Out of sheer bias, we’ll start with the benefits of manned surveillance. The flexibility and adaptability of a human private investigator is unequivocally superior to any unmanned technology, as there are still many things humans can do that technology can’t replicate. For example, private investigators can use pretexting to verify if a person of interest is even in the residence that they are surveilling, and oftentimes develop more information about the subject and their schedule simply by talking to neighbors in the surrounding areas. Us human investigators are also readily available to go mobile to continue surveillance once the claimant has left their residence. After all, we can often obtain some of our best footage while on the move.

There are many variables constantly in play when doing surveillance, things like weather and traffic can impact visibility during surveillance, and a trained investigator is nothing if not adaptable. Since private investigators are not immobile, they’re able to easily move positions, switch angles, adjust the camera to ensure in real time they are obtaining the best possible footage of whomever they are surveilling.

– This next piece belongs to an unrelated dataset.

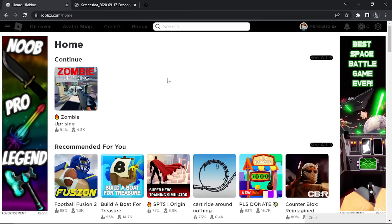The first thing you're going to want to do is go to roblox.com and log into your account. If you're trying to join a private server, that's normally when this message comes up. What you're going to want to do is change a few things in your settings.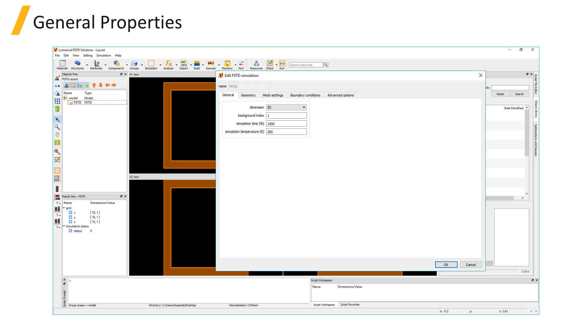To obtain accurate results, it's important for the simulation time to be long enough so fields can propagate through the simulation volume and fully decay. For large simulation volumes or when studying systems that support strong resonances that take a long time to decay, the maximum simulation time may need to be increased.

Now, manned surveillance is not without its flaws, and unmanned surveillance systems can certainly make up for what manned surveillance is lacking in some ways. Often it can be difficult to find the perfect vantage point on some homes depending upon their neighborhood setup. Apartment buildings, rural areas, and close-knit neighborhoods that are more aware of unfamiliar cars on their street are instances where unmanned surveillance systems might be a better option. These systems are inherently more discreet, easily concealable, and can be positioned and mounted in a variety of locations. These systems also have the benefit of time. Depending upon the battery life, these systems can be left to obtain footage for much longer than a private investigator can go without sleep and other human necessities. Plus, labor laws don’t exactly apply to robots just yet.

Speaking of laws, this is another issue that comes into play when discussing the differences between a private investigator and unmanned surveillance systems. Many states already cover their bases with laws regarding the conduct of private investigators, and have policies in place to ensure that any evidence obtained by a licensed professional will be legal and admissible in court. Unmanned systems are not yet regulated as closely, and there is the potential for argument or debate when it comes to what is, and what will be, allowed in a courtroom. There are still some gray areas surrounding the ethical implications of unmanned systems, especially when it comes to privacy laws. For example, the state of Georgia has already established that any unmanned surveillance camera must be in plain sight, which sets a precedent for where things might get questionable down the line.

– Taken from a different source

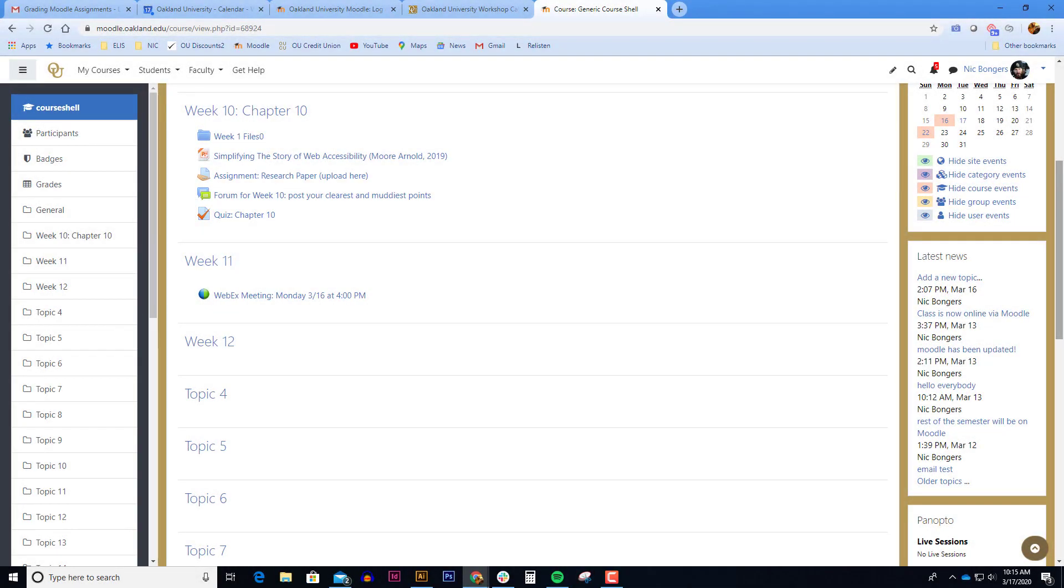When giving quizzes or assignments in your Moodle course, you might encounter a situation where a student might need to take a quiz again or they might need extra time. Additionally, they might take an assignment where they might need extra time to turn things in.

With all of that said, this information does not necessarily prove that one option is explicitly better than the other. However, this information does highlight which situations are better suited for either option. Knowing the benefits and shortcomings of both options, along with the details of your case, will help you (or your investigation agency) to choose the best option to help you get more “bang for your buck.” Hiring a private investigator who will give you those honest recommendations, regardless of cost/profit for them, is extremely important in obtaining the best results possible.